DateSunday, August 22, 2010 at 9:06AM AuthorGilad Atzmon

“This morning I set out to write a piece about the looting of the aid Flotilla to Gaza, by your soldiers. As you may have read, an Israel Defense Forces officer, has been remanded by a military court, suspected of stealing laptop computers from passengers.

Interestingly, Haretz newspaper, now refers to the fleet as an ‘aid flotilla.’ Which it was. Rather than the ‘terror’ fleet your leaders would have had you call it. But I digress.

So, there I was, all ready to write my piece, when I came across an article on ynetnews. It sought to spell out the shock perhaps felt by some about the looted goods. A senior Israel Defense Forces officer said of the flotilla thefts: ‘there must be a serious problem in the IDF in terms of values.”

I looked at those words for a long time.
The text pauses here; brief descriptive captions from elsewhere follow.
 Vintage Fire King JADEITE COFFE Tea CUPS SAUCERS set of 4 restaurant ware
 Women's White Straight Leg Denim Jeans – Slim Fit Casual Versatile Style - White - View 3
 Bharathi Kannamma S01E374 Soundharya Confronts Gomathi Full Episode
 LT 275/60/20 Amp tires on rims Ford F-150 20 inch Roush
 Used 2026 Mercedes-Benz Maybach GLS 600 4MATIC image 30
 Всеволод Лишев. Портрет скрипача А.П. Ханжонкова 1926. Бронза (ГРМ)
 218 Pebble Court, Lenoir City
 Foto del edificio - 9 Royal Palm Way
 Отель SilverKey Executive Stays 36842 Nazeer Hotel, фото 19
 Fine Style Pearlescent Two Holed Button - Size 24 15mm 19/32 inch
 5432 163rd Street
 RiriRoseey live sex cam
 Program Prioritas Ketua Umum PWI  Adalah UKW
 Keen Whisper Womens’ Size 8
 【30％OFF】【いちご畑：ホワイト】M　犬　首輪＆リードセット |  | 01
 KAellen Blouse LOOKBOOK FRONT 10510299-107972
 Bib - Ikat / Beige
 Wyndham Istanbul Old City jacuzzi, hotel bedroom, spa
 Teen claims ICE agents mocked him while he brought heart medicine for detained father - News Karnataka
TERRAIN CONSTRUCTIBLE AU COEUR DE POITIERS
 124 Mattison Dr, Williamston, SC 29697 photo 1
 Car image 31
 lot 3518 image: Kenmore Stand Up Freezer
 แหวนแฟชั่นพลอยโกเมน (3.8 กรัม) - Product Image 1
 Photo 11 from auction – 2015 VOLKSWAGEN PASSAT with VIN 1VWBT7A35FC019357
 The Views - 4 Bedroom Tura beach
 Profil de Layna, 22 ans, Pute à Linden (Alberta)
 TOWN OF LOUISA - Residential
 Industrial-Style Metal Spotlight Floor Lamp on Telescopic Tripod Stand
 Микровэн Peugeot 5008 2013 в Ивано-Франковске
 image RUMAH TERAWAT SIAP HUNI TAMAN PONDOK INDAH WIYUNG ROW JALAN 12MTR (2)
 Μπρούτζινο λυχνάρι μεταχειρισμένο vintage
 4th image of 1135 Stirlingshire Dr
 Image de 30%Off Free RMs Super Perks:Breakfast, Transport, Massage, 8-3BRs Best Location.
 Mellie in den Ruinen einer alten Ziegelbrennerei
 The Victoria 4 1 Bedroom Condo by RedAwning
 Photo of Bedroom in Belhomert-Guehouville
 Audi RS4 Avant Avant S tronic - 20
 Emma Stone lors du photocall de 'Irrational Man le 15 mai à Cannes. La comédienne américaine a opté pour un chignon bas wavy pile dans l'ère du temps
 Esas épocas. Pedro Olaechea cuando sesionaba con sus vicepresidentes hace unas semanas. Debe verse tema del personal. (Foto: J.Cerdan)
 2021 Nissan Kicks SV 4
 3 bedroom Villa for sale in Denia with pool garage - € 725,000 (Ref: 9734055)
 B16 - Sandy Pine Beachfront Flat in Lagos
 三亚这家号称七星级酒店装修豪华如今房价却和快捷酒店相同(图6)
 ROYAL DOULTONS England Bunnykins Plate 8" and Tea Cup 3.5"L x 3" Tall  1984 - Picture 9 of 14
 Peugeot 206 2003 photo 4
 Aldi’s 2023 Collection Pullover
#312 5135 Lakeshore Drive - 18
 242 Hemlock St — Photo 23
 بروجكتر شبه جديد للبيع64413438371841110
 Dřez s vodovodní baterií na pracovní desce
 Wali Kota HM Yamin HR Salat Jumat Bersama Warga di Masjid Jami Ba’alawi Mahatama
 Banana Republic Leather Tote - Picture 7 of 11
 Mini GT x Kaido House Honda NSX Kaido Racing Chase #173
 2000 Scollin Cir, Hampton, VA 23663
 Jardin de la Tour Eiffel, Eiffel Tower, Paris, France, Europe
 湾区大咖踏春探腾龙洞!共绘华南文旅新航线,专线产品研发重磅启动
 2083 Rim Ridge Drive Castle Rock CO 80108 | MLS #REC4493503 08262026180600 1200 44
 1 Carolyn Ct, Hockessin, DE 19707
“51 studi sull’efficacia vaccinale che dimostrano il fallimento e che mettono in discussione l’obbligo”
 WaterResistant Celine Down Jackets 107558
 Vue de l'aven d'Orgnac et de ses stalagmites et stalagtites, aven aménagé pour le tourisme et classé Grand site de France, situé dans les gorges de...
And, instead of writing my piece, decided to write to you instead. Because I can’t help wondering, who on earth still has any reserves of ‘shock’ to spare for the behaviour of your military? I mean really, come on guys.

Beyond the comfortable avenues of Tel Aviv, the rest of the world finds the phrase ‘Moral Army,’ when applied to the IDF, nothing short of a huge, (sadly catastrophic), global sized joke. One on the same level as, say, climate change denial or George Bush’s presidency.

Now, here I’ve done it again. I’ve made you really mad at me. But please, just give me a moment or two to explain why I’m writing this letter. Because I didn’t set out to, nor do I want to insult you. Certainly not anymore than I have in the past. I’m sat here with washing up undone and housework piling up, to ask you one question. As a mother and as a fellow human being I need to know why you don’t see the evil that’s being done in your name?

How can you not see?

As you may already know, I was on the first Freegaza mission in 2008. This means that I not only have the pleasure of knowing personally the fine ladies who founded the FGM (Freegaza Movement). It also means that I had many friends and colleagues on the Flotilla that your military attacked in May.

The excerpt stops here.